> **What this task involves**
From the first entry to the last, restate everything word for word and exclude pictures.

> **Data extract**

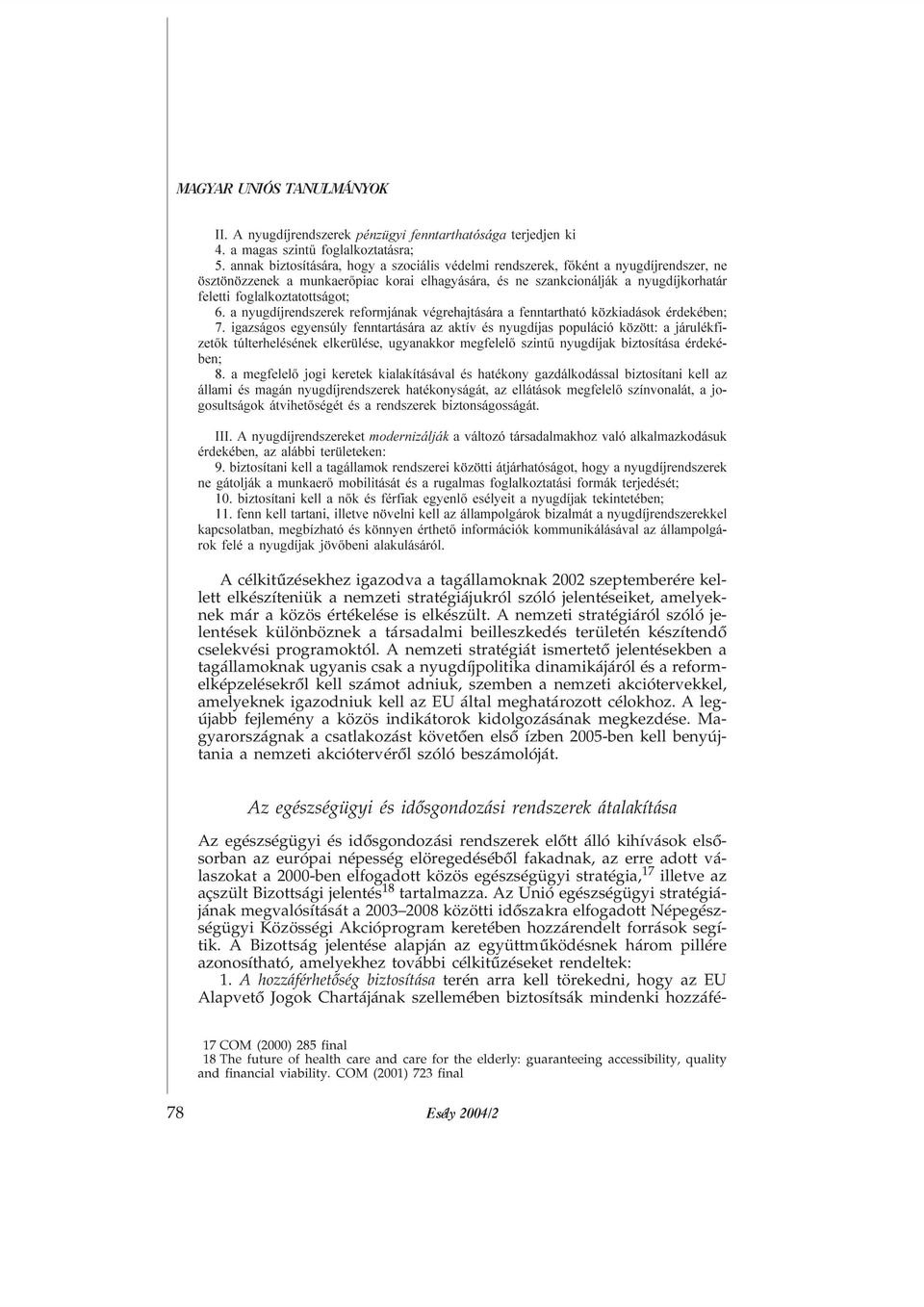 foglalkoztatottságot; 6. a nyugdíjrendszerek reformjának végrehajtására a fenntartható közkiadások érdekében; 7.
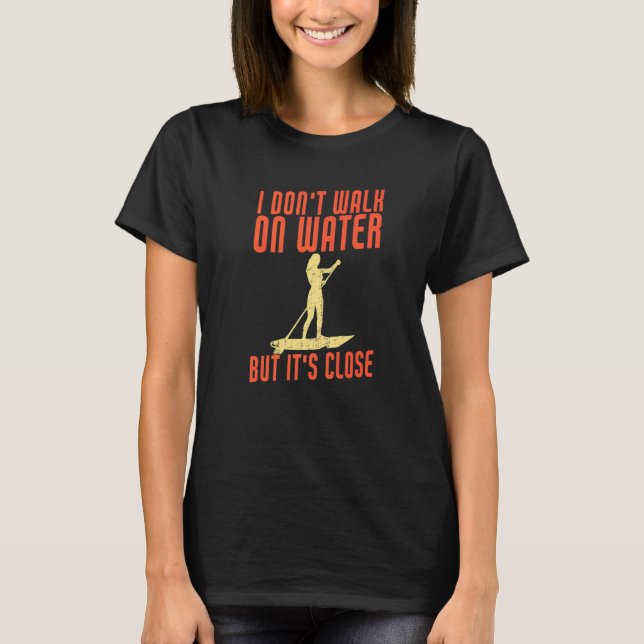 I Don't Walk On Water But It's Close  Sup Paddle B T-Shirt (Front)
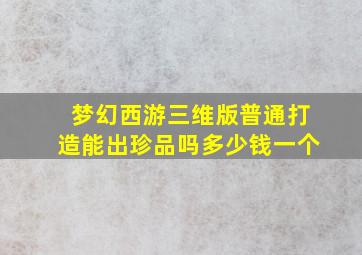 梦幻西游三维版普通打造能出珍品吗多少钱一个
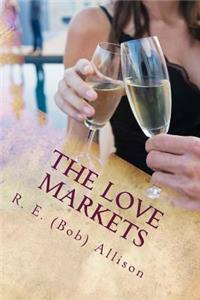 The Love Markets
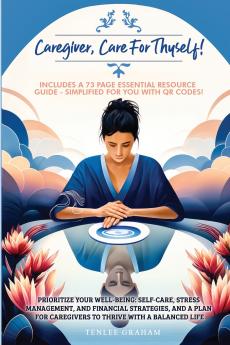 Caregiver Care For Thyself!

> **Response for this exercise**
 foglalkoztatottságot; 6. a nyugdíjrendszerek reformjának végrehajtására a fenntartható közkiadások érdekében; 7.
 I Don't Walk On Water But It's Close  Sup Paddle B T-Shirt (Front)
 梦幻西游三维版普通打造能出珍品吗多少钱一个
 The Love Markets
 Caregiver Care For Thyself!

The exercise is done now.